Las leyes y reglamentos, -en todo el mundo y desde siempre-, tienen un fin preventivo. Pretenden frenar conductas que van en contra de lo que ética y moralmente es reprobable.

Sin embargo, en México las leyes siempre son manipuladas por quienes deben vigilar su cumplimiento, para así obtener un beneficio personal.

El nuevo reglamento de tránsito no ha sido presentado por el Gobierno del Distrito Federal como un intento de reeducar al ciudadano en lo relativo a la cultura vial. Es un reglamento coercitivo y punitivo, que lo único que ha hecho es endurecer las penas  para quienes cometen faltas administrativas.

En el quehacer gubernamental las percepciones son fundamentales y en este caso parece que la motivación de este reglamento es recaudatorio, para incrementar los ingresos por multas y no para mejorar el tráfico vehicular, lo cual descalifica moralmente a este nuevo reglamento.

Es cierto que los mexicanos generalmente tratamos de burlar el compromiso de acatar las leyes y normas sociales porque somos un país de individualidades, que siempre pensamos que éstas son válidas si aplican para con “los otros”, pero injustas cuando se trata de nosotros.

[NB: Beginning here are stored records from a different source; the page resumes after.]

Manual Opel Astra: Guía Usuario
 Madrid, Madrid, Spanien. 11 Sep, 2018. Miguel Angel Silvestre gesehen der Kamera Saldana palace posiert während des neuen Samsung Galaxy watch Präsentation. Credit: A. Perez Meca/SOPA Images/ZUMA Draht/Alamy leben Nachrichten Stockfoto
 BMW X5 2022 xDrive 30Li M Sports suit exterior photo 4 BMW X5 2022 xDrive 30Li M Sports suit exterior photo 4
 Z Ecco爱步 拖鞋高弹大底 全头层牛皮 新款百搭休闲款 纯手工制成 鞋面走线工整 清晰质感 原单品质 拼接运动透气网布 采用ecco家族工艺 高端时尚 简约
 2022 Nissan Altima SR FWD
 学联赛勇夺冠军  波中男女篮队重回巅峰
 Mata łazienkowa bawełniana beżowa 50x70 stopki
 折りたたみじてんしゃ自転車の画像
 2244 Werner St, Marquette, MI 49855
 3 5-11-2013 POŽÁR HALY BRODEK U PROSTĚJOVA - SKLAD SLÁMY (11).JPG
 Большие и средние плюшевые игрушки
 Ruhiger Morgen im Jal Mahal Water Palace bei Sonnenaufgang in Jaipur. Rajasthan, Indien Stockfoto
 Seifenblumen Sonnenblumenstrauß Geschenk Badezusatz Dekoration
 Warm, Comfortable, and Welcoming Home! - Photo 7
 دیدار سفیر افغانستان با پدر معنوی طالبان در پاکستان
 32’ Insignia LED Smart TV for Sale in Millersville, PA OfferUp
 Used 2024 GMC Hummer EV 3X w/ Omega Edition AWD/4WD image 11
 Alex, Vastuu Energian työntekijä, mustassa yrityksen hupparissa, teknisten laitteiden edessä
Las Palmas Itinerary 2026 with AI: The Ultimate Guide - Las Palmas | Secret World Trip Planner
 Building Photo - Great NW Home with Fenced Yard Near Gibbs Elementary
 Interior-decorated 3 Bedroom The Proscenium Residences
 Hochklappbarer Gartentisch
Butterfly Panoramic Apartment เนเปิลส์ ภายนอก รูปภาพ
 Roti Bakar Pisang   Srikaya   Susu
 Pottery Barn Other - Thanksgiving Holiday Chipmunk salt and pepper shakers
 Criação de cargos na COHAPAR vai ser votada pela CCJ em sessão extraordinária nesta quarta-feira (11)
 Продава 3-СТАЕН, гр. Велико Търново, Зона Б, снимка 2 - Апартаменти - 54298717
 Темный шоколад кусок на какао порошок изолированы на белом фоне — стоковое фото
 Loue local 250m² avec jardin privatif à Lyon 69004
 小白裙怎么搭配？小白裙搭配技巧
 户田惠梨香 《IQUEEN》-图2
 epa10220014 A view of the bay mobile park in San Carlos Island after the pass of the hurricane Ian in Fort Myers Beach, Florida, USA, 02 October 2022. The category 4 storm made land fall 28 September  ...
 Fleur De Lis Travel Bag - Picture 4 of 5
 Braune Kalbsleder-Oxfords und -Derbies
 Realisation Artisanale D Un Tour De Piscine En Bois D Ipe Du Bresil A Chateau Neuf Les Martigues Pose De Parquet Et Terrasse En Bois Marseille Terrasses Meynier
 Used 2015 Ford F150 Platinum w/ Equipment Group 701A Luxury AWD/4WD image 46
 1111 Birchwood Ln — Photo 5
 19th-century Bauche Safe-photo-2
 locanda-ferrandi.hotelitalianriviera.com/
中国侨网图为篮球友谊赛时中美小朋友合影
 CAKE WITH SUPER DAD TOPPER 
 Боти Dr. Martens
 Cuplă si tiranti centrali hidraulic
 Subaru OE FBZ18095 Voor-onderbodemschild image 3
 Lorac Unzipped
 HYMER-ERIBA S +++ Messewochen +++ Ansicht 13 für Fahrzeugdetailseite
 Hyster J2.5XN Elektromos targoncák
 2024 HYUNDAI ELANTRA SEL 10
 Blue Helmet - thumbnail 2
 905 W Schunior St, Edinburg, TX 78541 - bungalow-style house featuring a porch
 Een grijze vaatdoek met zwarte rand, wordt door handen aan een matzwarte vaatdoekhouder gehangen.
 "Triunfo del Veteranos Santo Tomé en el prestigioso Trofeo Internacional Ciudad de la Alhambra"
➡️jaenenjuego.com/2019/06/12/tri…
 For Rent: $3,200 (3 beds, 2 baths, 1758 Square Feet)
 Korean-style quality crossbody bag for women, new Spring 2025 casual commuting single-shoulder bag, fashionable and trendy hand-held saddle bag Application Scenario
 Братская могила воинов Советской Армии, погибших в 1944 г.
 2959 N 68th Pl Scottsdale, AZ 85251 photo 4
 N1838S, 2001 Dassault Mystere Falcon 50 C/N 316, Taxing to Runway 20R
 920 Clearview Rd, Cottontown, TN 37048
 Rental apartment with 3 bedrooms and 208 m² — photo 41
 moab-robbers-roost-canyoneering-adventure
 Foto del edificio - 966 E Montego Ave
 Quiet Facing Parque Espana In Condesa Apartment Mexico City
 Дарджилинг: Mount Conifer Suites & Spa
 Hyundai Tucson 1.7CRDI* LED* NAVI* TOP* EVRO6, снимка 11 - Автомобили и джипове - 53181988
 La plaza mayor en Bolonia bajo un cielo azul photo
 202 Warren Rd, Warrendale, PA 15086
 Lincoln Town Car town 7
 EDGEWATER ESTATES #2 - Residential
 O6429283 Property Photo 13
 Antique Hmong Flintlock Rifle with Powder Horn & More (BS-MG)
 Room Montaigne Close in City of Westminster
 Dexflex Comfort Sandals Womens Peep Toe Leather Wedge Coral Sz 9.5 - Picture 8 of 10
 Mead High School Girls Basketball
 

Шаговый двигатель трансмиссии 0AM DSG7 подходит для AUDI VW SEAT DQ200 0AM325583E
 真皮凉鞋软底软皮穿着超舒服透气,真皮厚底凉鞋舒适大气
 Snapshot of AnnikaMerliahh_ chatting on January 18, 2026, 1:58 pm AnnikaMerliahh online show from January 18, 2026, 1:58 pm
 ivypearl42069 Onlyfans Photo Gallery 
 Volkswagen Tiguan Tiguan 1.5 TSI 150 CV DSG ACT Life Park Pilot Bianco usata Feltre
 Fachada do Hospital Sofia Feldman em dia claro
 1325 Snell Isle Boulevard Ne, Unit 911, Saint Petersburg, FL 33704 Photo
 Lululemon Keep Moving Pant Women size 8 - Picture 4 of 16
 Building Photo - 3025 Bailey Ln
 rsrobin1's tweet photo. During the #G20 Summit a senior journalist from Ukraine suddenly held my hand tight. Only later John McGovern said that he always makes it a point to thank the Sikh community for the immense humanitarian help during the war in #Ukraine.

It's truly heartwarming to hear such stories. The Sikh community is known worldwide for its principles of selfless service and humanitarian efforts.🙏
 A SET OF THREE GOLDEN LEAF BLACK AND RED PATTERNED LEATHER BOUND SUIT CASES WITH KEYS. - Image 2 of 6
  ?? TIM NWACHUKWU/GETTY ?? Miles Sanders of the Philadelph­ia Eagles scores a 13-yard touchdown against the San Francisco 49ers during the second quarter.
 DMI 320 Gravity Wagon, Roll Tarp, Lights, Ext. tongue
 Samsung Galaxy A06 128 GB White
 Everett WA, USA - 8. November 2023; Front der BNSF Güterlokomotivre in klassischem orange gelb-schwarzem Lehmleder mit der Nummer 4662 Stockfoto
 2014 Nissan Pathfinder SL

Sin embargo, del lado gubernamental está la contraparte, o sea, el interés de infraccionar más que el de evitar que se cometa la falta.

Las leyes, normas y reglamentos se legitiman a través de representar la búsqueda del bien común, que en este caso sería el mejoramiento de la vialidad en calles y en general en la vía pública.

Es cierto que con tecnología se pretende limitar las posibilidades de que se desarrolle la corrupción, pero el ingenio del mexicano siempre logrará burlar  cualquier intento de restringir esta práctica.

Entre mayor sea el monto de las multas, mayor será la tentación del ciudadano por arreglarse con el agente de tránsito para evitar pagar lo que está determinado por el reglamento, y mayor será la predisposición del funcionario por dejarse corromper.

A diferencia del sistema fiscal, cuyo objetivo es claramente recaudatorio y se justifica en la necesidad de dotar a la infraestructura gubernamental de los recursos económicos para operar y así brindar al ciudadano servicios públicos, la recaudación derivada de multas es inequitativa, pues opera con cantidades fijas que lo mismo aplican para ricos que para pobres con impacto económico desigual.

Una multa promedio de $1,500.00 para un chofer o un asalariado, -cuyo trabajo se derive de conducir una unidad automotriz y cuyo salario ronde los $6,000.00-, le significa el ingreso de una semana de trabajo. En contraste, para el conductor de un Mercedes, un BMW o un Audi, -por citar algunas marcas de vehículos de lujo-, posiblemente represente el costo de una comida familiar en un restaurant, o la compra de un producto suntuario, o el gasto en un capricho.

Mientras los impuestos se estructuran equitativamente gravando los ingresos, -de modo tal que paga más quien más gana-, una multa representa un cargo fijo que atenta contra la economía familiar de los sectores de población más vulnerables económicamente y simplemente una molestia para las clases económicas más boyantes.

Por tanto, su impacto como castigo a una falta administrativa, es desigual pues castiga con dureza extrema a unos y es una simple llamada de atención para otros.

Un ejemplo de castigo equitativo para una falta al reglamento de tránsito lo representa el alcoholímetro, -que sin recurrir a multa económica-, castiga de modo significativo por igual a ricos que a pobres y el torito tiene un impacto similar en unos que en otros.

El castigo económico, -o sea el pago de una multa-, representa una injusticia social y por tanto el monto de las multas debe ser replanteado a partir del impacto en las clases sociales de menos recursos. El monto excesivo de estas multas refleja los altos salarios que deben percibir quienes fijaron estas cantidades.

A este nuevo reglamento de tránsito del Distrito Federal le está faltando una justificación moral.